# 9/26/2022

## Chapter 7 - Iteration - see Iteration.R

• Our goal is to automate iterative operations
• For example, which player had the most hits for each team in MLB?
• Which pitcher had the most strike outs for each team in MLB?
• Which student has the highest GPA for each team/club at Kenyon?
• Vectorized operations
• Many people use for () loops to iterate calculations.
• However, R is highly optimized for vector operations, and loops do not take advantage of this optimization.
• Try to avoid writing for() loops whenever possible with R.
• Many functions, e.g., exp(), will be applied to every element of a vector by default.
• Note that summary functions, like mean(), return only a single value.
• Different functions behave differently so take advantage of the function when it is vectorized!
• Using across() with dplyr functions can be extremely helpful
• The function across() applies operations programmatically.
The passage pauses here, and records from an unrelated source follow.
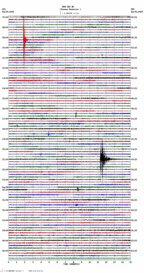 seismogram thumbnail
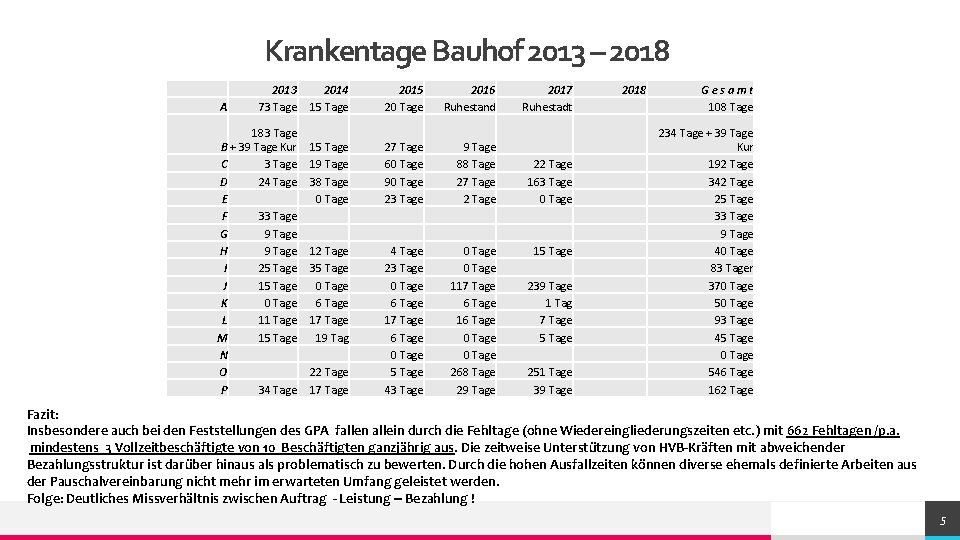 Krankentage Bauhof 2013 – 2018 A 2013 73 Tage 183 Tage B + 39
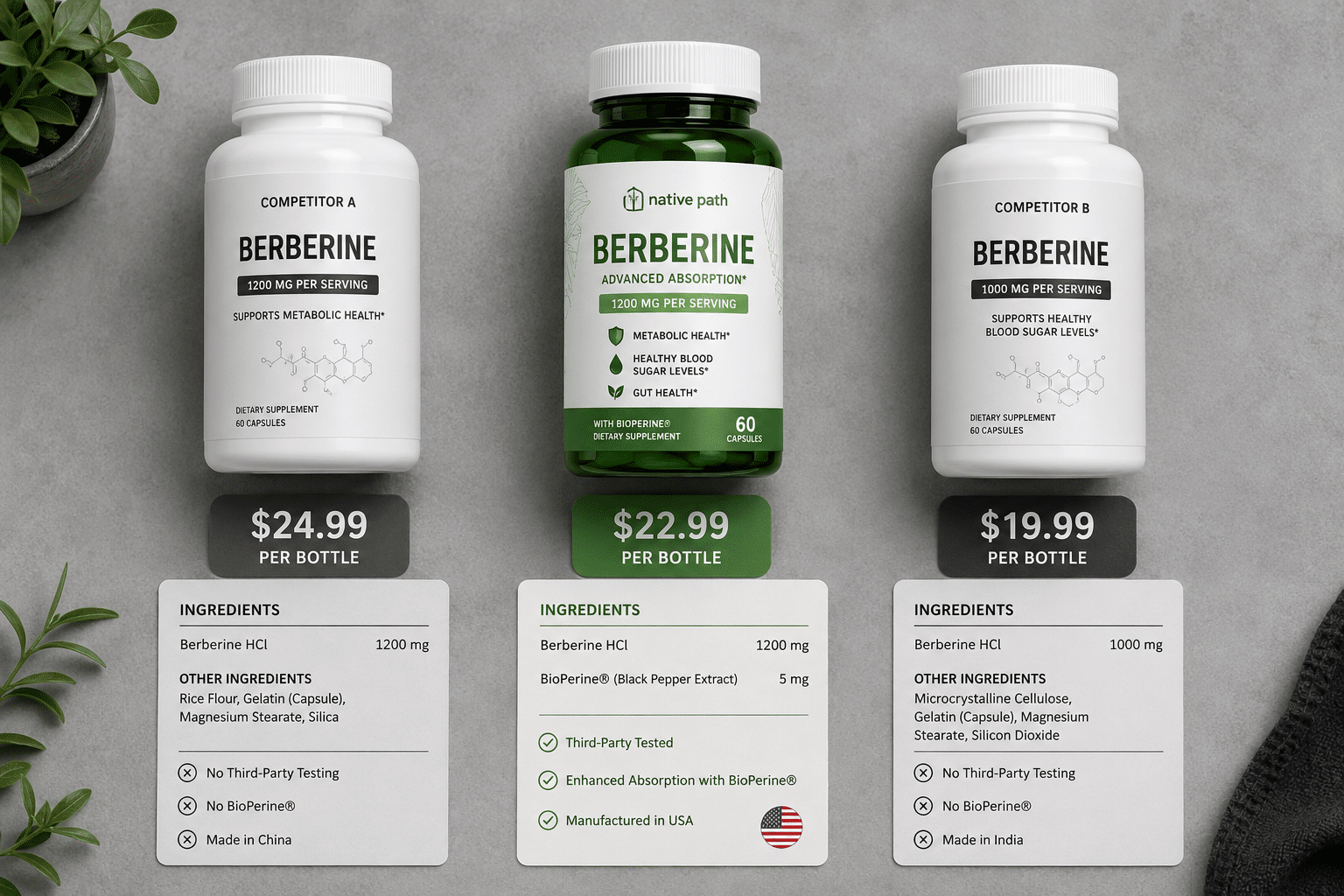 Native Path Berberine Review 2026: Does It Really Work?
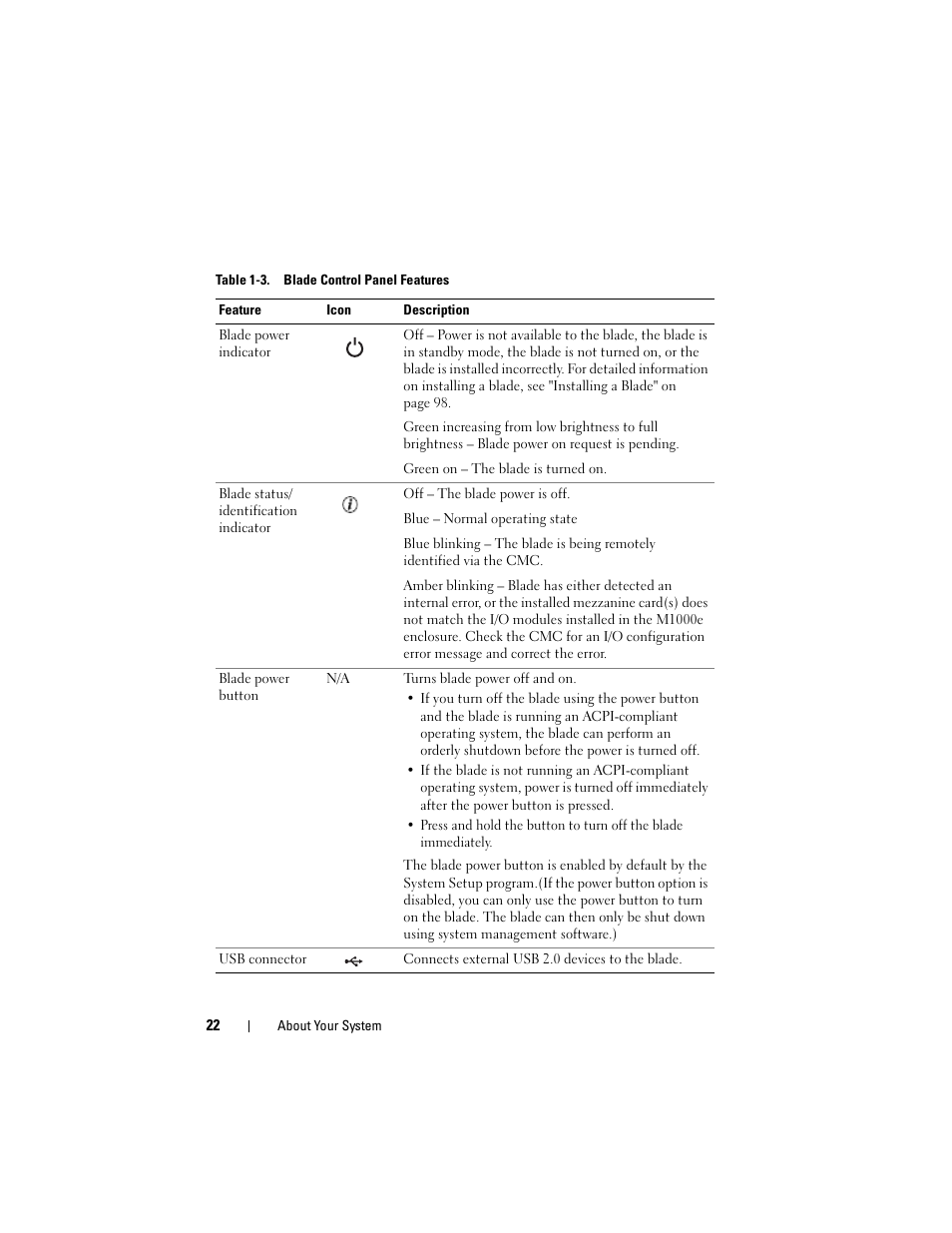 Dell PowerEdge M805 User Manual | Page 22 / 236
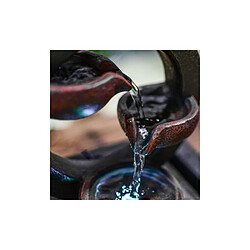 Acheter Sunchine Fontaine Zen Terai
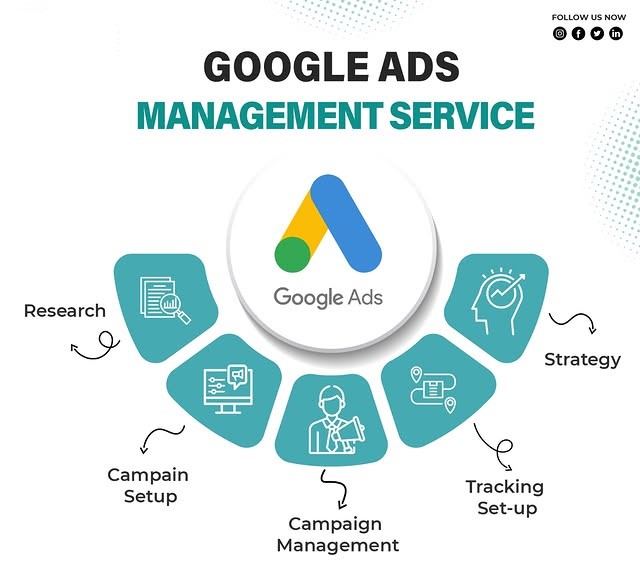 Google Ads Management Services in Karachi for Lead Generation and ROI Growth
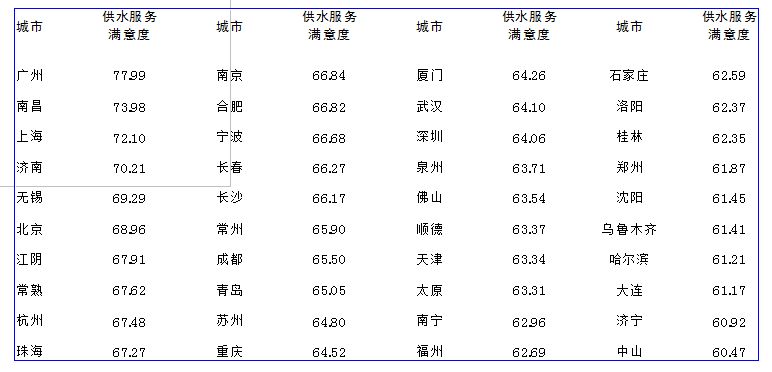 /></p><p>         在日前由中國水網(wǎng)主辦的2012年度(第六屆)水業(yè)高級技術(shù)論壇——供水技術(shù)深度論壇上，《中國40個城市供水服務(wù)滿意度指數(shù)調(diào)查研究報告》(以下簡稱《報告》)正式發(fā)布。</p><p><br/>　　中國水網(wǎng)在全國范圍內(nèi)篩選出供水服務(wù)水平業(yè)內(nèi)評價較高的40個城市，面向城市公眾開展供水服務(wù)滿意度調(diào)查活動，調(diào)查收到逾萬份調(diào)查問卷。此次《報告》借鑒國內(nèi)外顧客滿意度理論研究成果和測評方法，結(jié)合調(diào)查結(jié)果和中國供水行業(yè)的實際發(fā)展情況編制而成。</p><p><br/><strong>　　行業(yè)該做哪些改進？<br/>　　供水服務(wù)行業(yè)較明顯的優(yōu)勢為供水穩(wěn)定性，需要改進的首要指標(biāo)為供水水質(zhì)</strong></p><p><br/>　　中國水網(wǎng)副總經(jīng)理殷曉芳分析說，低質(zhì)低價已經(jīng)成為行業(yè)痼疾；原水壓力和飲用水新標(biāo)準(zhǔn)執(zhí)行壓力大，使服務(wù)成本壓力迅速升高；社會溝通的不充分和企業(yè)經(jīng)營的相對封閉，使公眾的誤解加?。环?wù)績效管理工具的缺失和服務(wù)體制的落后，導(dǎo)致行業(yè)品牌整體失落。</p><p><br/>　　據(jù)了解，調(diào)查報告中的供水滿意度評價指標(biāo)體系以供水用戶滿意度指數(shù)為核心。通過對評測指標(biāo)的分析，殷曉芳對供水行業(yè)的優(yōu)勢和弱項進行闡述:供水服務(wù)行業(yè)較為明顯的優(yōu)勢領(lǐng)域為供水穩(wěn)定性。根據(jù)調(diào)查結(jié)果及分析，用戶認(rèn)為供水穩(wěn)定性的重要程度較高，且對水壓穩(wěn)定性、供水連續(xù)性、計劃停水和管道搶修及時性方面的滿意度評價較高。80％被調(diào)查者對供水穩(wěn)定性滿意，供水企業(yè)應(yīng)繼續(xù)保持這一優(yōu)勢。</p><p><br/>　　供水服務(wù)行業(yè)具有競爭優(yōu)勢的是供水水價。此次調(diào)查結(jié)果表明，被調(diào)查者普遍認(rèn)為水價這一評測指標(biāo)較為重要，并且認(rèn)為目前的收費價格和階梯水價的收費方式均較為合理。在調(diào)查中，多數(shù)被調(diào)查者表示，在供水企業(yè)能夠提供優(yōu)質(zhì)服務(wù)的前提下，不會排斥上調(diào)水價和實施階梯收費。</p><p><br/>　　“雖然2011年年底以來，全國范圍內(nèi)多個城市上調(diào)了水價或?qū)嵤╇A梯水價，引起公眾廣泛關(guān)注及爭議，但隨著對供水行業(yè)理性認(rèn)識的提升，公眾對水資源是商品的意識越來越強，對供水服務(wù)成本也開始有所了解，因此漲價、改變收費方式并沒有對供水水價的滿意度造成太大影響?！币髸苑颊f。</p><p><br/>　　供水服務(wù)行業(yè)需要改進的首要指標(biāo)是供水水質(zhì)。此次調(diào)查結(jié)果顯示，在供水服務(wù)用戶滿意度評價體系的7個二級評測指標(biāo)中，水質(zhì)是影響用戶滿意度的較重要因素，同時也是拉低用戶滿意度的首要因素。據(jù)了解，此次調(diào)查采用的象限法分析，表明供水水質(zhì)是其中位于重點改進區(qū)的二級指標(biāo)，由此可見，提高供水行業(yè)服務(wù)水平的首要有效途徑就是提高供水水質(zhì)。</p><p><br/>　　殷曉芳表示，提高供水水質(zhì)要求是環(huán)球趨勢，也是經(jīng)濟發(fā)展后人民生活水平提高的必然結(jié)果。如何合理控制成本、整合資源、提高效率，成為供水企業(yè)面臨的挑戰(zhàn)，但另一方面，水質(zhì)標(biāo)準(zhǔn)的提高有利于供水市場良性發(fā)展，供水企業(yè)的升級改造以及對新建項目要求的提高也將為供水市場注入增長動力。</p><p><br/>　　供水服務(wù)行業(yè)的弱項為客戶溝通、企業(yè)整體形象。根據(jù)調(diào)查結(jié)果，供水企業(yè)與用戶的溝通行為在總體上被認(rèn)為是有欠缺的，尤其是在公眾宣傳和反饋渠道的充足性方面。很多被調(diào)查者都反映供水企業(yè)不夠公開和透明，這與客戶溝通不足也有很大關(guān)系，這些都對供水企業(yè)的形象有所損害。</p><p><br/>　　殷曉芳指出，供水企業(yè)應(yīng)經(jīng)常性地組織宣傳用水常識、企業(yè)社會活動，提高企業(yè)新增積極措施的知名度，提升反饋渠道使用率，進一步推廣咨詢熱線和客服中心，提高企業(yè)透明度，改善企業(yè)形象，從而提高供水服務(wù)用戶滿意度。</p><p><br/><strong>　　哪些城市滿意度較高？<br/>　　40城市供水服務(wù)滿意度指數(shù)廣州、南昌、上海位列前三</strong></p><p><br/>　　據(jù)介紹，按照指標(biāo)評價體系和滿意度指數(shù)的合成方法，分別計算得到全國40個城市的供水總體服務(wù)滿意度指數(shù)。計算結(jié)果顯示，廣州以77.99分位居首先，南昌、上海分列第二、三位，排在第四到第十位的依次是濟南、無錫、北京、江陰、常熟、杭州、珠海。</p><p><br/>　　據(jù)了解，在供水、電力、電信、燃氣四大公共服務(wù)行業(yè)中，供水服務(wù)滿意度指數(shù)僅略低于電力行業(yè)，排在第二位。</p><p><br/>　　殷曉芳總結(jié)，<a href=http://dgyingyuan.com>供水服務(wù)</a>的可持續(xù)發(fā)展是一項長期、系統(tǒng)的工作，建立一套優(yōu)質(zhì)優(yōu)價的服務(wù)體系還會面對很多困難，但只要供水企業(yè)愿意擔(dān)當(dāng)，愿意在建立優(yōu)質(zhì)優(yōu)價供水服務(wù)體系的道路上先行先試，就能不斷提升綜合服務(wù)水平，樹立服務(wù)標(biāo)桿，促進行業(yè)績效體系的建立。</p><p style=text-align:center;><br/><strong>表1   全國40個城市供水總體服務(wù)滿意度指數(shù)(加權(quán)計算)</strong></p><p style=text-align:center;><strong><img style=BORDER-RIGHT-WIDTH: 0px; BORDER-TOP-WIDTH: 0px; BORDER-BOTTOM-WIDTH: 0px; BORDER-LEFT-WIDTH: 0px alt=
• Using across() helps us avoid "magic numbers"/references that are often used in loops.
• The across() function provides an easy way to perform an operation on a set of variables without having to type or copy-and-paste the name of each variable.
• The map() family of functions
• Use map() to apply a function to each item in a list or vector or the columns of a data frame.
• map() is the main function from the purrr package.
• The map() function will always return a list.
• The map_dbl() function forces the output to be a vector of type double.
• The map_int() funtion forces the output to be a vector of integers.
• Iteration over a one dimensional vector
• Iterating a known function
• Example - the map_int() function can be used with nchar() to find the length of all names for the Angels in MLB - see Iterate.R
• The nchar() function can also be used directly because it is vectorized
• Iterating an arbitrary function
• You can apply any function, including user defined functions that you create yourself.
• Example - Top-5 seasons for MLB teams - see Iterate.R
• map_dfr() provides another way to collect the results into a data frame.
• Iteration over subgroups
• The group_modify() function in purrr allows you to apply an arbitrary function that returns a data frame to the groups of a data frame.
• You can use the group_by() function to define a grouping.
• Simulation
• Using distributions to understand randomness